Sullivan was speaking to the Senate Foreign Relations Committee, which is vetting his nomination as the next U.S. ambassador to Russia. His appearance has offered Senate Democrats a rare chance to quiz a top Trump administration official on issues related to the House-led impeachment inquiry into Trump — and they are taking full advantage of the opportunity.

Sullivan was grilled in particular by New Jersey Senator Robert Menendez, the committee’s ranking Democrat, on impeachment-related topics, including the propriety of what Trump is accused of doing: pressuring Ukraine’s government to investigate a political rival, former vice president Joe Biden.

“Soliciting investigations into a domestic political opponent—I don’t think that would be in accord with our values,” Sullivan said.

The diplomat acknowledged that he was the one who informed Foreign Service veteran Marie Yovanovitch that she was being pulled out early from her post as the U.S. ambassador to Ukraine. But he said that despite trying to find out why, he was never given any reason other than Trump had lost confidence in her.

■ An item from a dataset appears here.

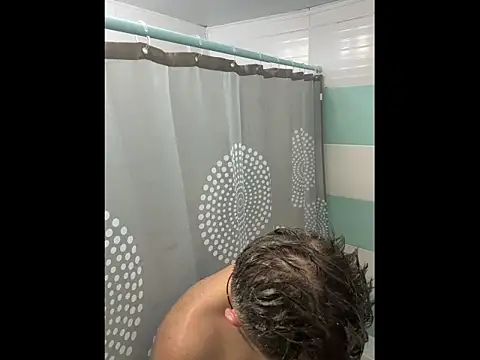 XXX chat uživo modela MartinBrandon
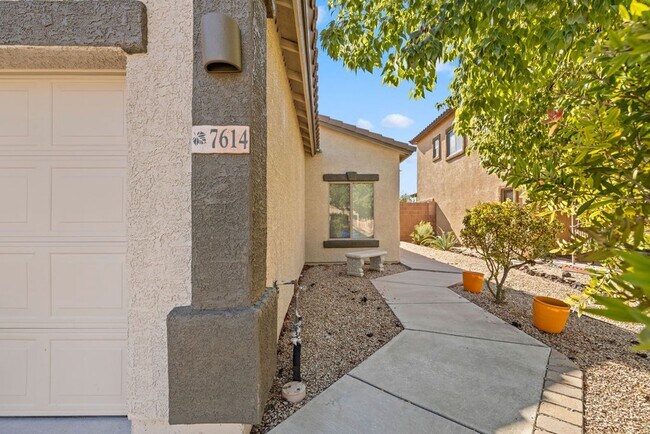 Building Photo - 3 Bedroom Home Located in Sycamore Park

Yovanovitch was the victim of a drumbeat of allegations led by allies of Trump, according to documents turned over to Congress by the State Department inspector general. Sullivan said he was aware of the smear campaign and believed that Rudy Giuliani, Trump’s personal lawyer, was involved.

He also said he was looped in when the State Department was given a packet of material that appeared to be aimed at denigrating Yovanovitch. “It didn’t provide to me a basis for taking action against our ambassador,” said Sullivan of the packet, which Giuliani is suspected of helping put together.

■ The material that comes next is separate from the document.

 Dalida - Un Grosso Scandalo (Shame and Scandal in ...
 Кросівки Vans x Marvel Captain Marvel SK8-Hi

Sullivan said Secretary of State Mike Pompeo had tried to find out exactly why Trump was unhappy with Yovanovitch, but that after several months, the reason — which Sullivan said he was never told — became irrelevant because it was clear the president wanted her out.

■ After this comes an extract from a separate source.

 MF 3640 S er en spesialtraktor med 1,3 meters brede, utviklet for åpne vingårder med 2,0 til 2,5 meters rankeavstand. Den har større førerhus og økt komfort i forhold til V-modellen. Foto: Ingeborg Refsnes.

Sullivan said he thought Yovanovitch was an excellent diplomat. She testified before House impeachment investigators earlier this month, sharing that he’d told her she’d “done nothing wrong,” but was being pulled out early anyway, just weeks after being asked to extend her stay.

Sullivan said he was not aware of all of the machinations involving Ukraine policy, but made clear that he did know Giuliani was playing an outside role in shaping it. His focus, though, was largely limited to Giuliani’s attacks on Yovanovitch, Sullivan said.

Sullivan is a relatively well-regarded figure on Capitol Hill, and his nomination to serve as the U.S. envoy in Moscow is expected to make it through the Senate. One of the people who introduced him on Wednesday was Democratic Senator Ben Cardin of Maryland, a member of the committee.